I would like to use quantization method to save my model state dict with int8 data type so that I could save my storage space. And I also need to load these int 8 states back to a float 32 model for inference. How could I do this please ?

This isn’t a standard flow PyTorch quantization provides, but you could do something like this:

  1. for a Tensor, use torch.quantize_per_tensor(x, ...) to convert fp32 -> int8, and x.dequantize() to convert from int8 to fp32.
  2. override the _save_to_state_dict and _load_from_state_dict functions on the modules you’d like to do this on to use your custom logic. You can call quantize_per_tensor when saving, and convert it back with dequantize when loading.


Thanks for replying !!! There is a scale and bias term in the function torch.quantize_per_tensor. When I convert float32 parameter to int8 parameter, how could I determine these args? Is there any inner processing method, or should I figure out the max/min values of each tensor myself ?

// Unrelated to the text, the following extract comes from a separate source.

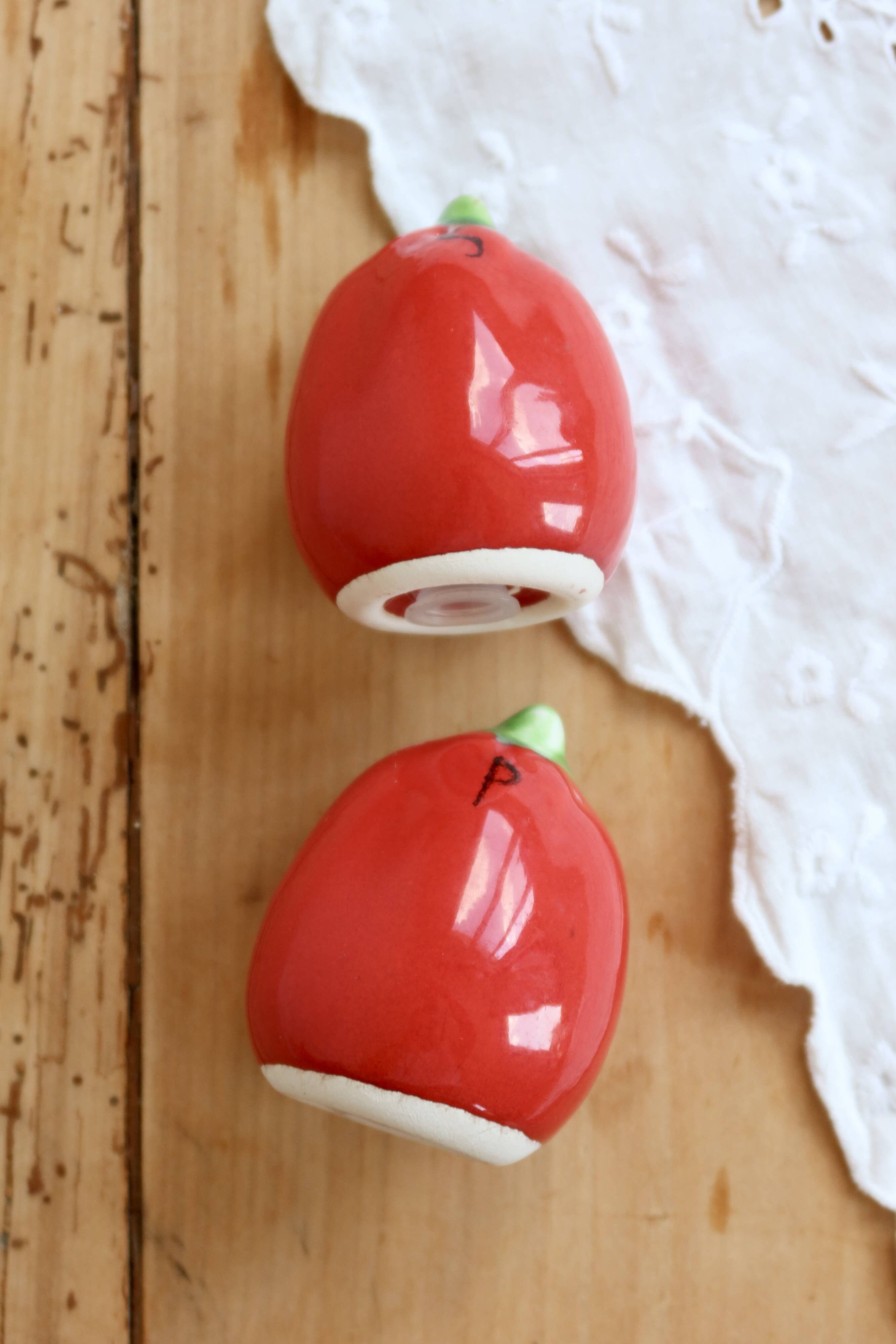 Salière et poivrier vintage en faïence forme tomate rouge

You can use pytorch/ at master · pytorch/pytorch · GitHub, this is also what the official quantization flows use. For example,

obs = torch.quantization.MinMaxObserver(...)
# run data through the observer
# get scale and zp from the data observer has seen
scale, zp = obs.calculate_qparams()

One other thing to consider could be using fp16, that way you could just do x.half() without worrying about quantization params.